La levée de boucliers qui a suivi cette annonce témoigne d’un malaise profond chez les Camerounais.
La question « Peut-on parler fort dans la maison d’autrui ? » résonne comme un écho des préoccupations sur la liberté d’expression et le respect des institutions. Les citoyens se sentent de plus en plus muselés dans un système où les décisions politiques semblent être prises sans consultation ni considération pour l’opinion publique. Cette situation crée un climat de méfiance et d’apathie, nuisant à l’engagement civique.

L’érosion de la séparation des pouvoirs…

La décision de nommer un édifice parlementaire au nom de Paul Biya pourrait être perçue comme une tentative de fusionner les pouvoirs exécutif et législatif, compromettant ainsi l’équilibre nécessaire à un fonctionnement démocratique. Une telle érosion de la séparation des pouvoirs peut mener à un système où les lois et les décisions politiques sont dictées par un seul homme, rendant les institutions parlementaires simplement des prolongements du pouvoir exécutif.

Risques d’autoritarisme…

En glorifiant une figure politique à travers des symboles comme le nom d’un bâtiment public symbole du pouvoir législatif, le régime envoie un message clair sur la direction prise : celle d’un autoritarisme croissant. L’absence de limites claires à l’autorité du président peut conduire à une concentration du pouvoir, rendant difficile toute forme d’opposition ou de critique.

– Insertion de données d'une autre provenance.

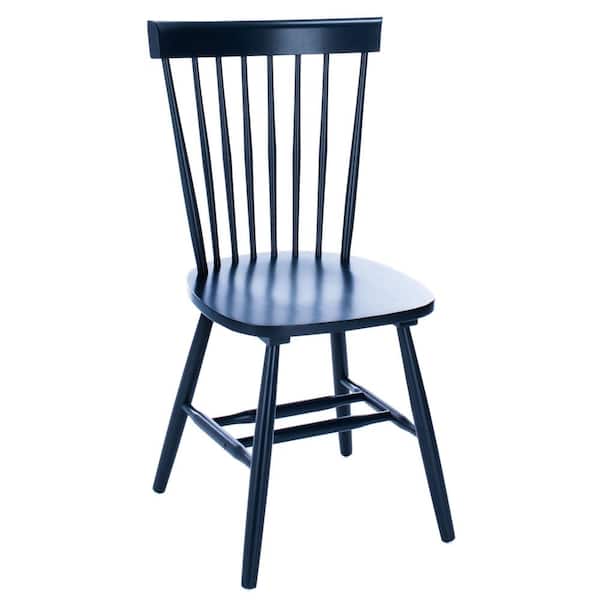 Riley Navy Spindle Back Dining Chair (Set of 2)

Détérioration de la confiance publique…

La confiance des citoyens dans les institutions est cruciale pour le bon fonctionnement d’une démocratie. Des actes perçus comme des provocations, tels que la dénomination d’un hémicycle au nom d’un président en exercice, peuvent engendrer un cynisme généralisé à l’égard des processus démocratiques. Cela peut conduire à un désengagement des citoyens et à une augmentation de la polarisation politique.

Un dangereux précédent…

En somme, le choix de nommer le nouvel hémicycle du nom de Paul Biya n’est pas qu’une simple question de dénomination. Il s’agit d’un acte aux implications profondément politiques, qui menace de miner les fondements mêmes de la démocratie au Cameroun. Alors que le pays traverse des périodes d’incertitude et de tensions, il est impératif que les institutions agissent avec responsabilité et en faveur de l’intérêt collectif, plutôt que de servir des ambitions personnelles. La préservation des valeurs démocratiques doit passer par un respect scrupuleux de la séparation des pouvoirs et une véritable écoute des aspirations du peuple camerounais.